The task requires repeating, word for word, the lines from the one with "Skoda Fabia 1,0 MPi 60 Ambition Combi" through the end of the material, leaving out all pictures.

[SOURCE MATERIAL Boundary: Start]

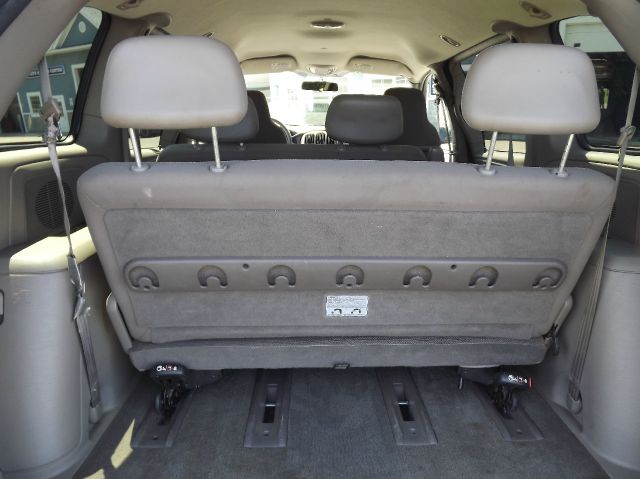 Dodge Caravan SW 4DR MiniVan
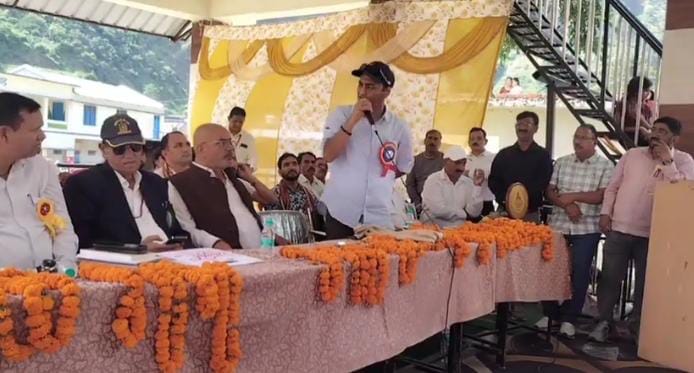 नैनबाग में ब्लॉक स्तरीय शरद एवं शीतकालीन क्रीड़ा प्रतियोगिता आगाज 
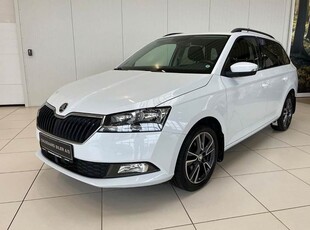 Skoda Fabia 1,0 MPi 60 Ambition Combi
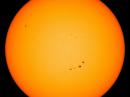 [Photo courtesy of NASA SDO/HMI]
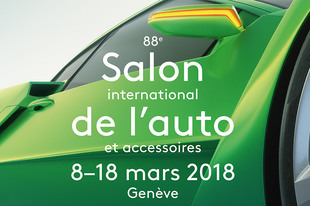 Salon de Genève - GIMS 2018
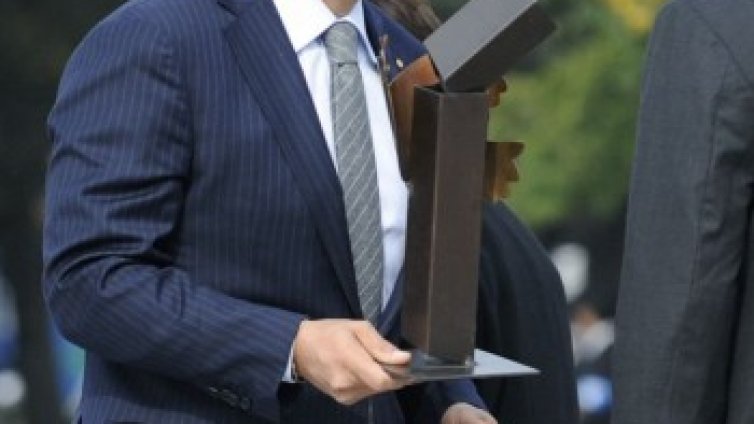 Платини и Баджо бяха приети в "Залата на славата"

[SOURCE MATERIAL Boundary: End]

WRITTEN RESPONSE:
 Skoda Fabia 1,0 MPi 60 Ambition Combi
 [Photo courtesy of NASA SDO/HMI]
 Salon de Genève - GIMS 2018
 Платини и Баджо бяха приети в "Залата на славата"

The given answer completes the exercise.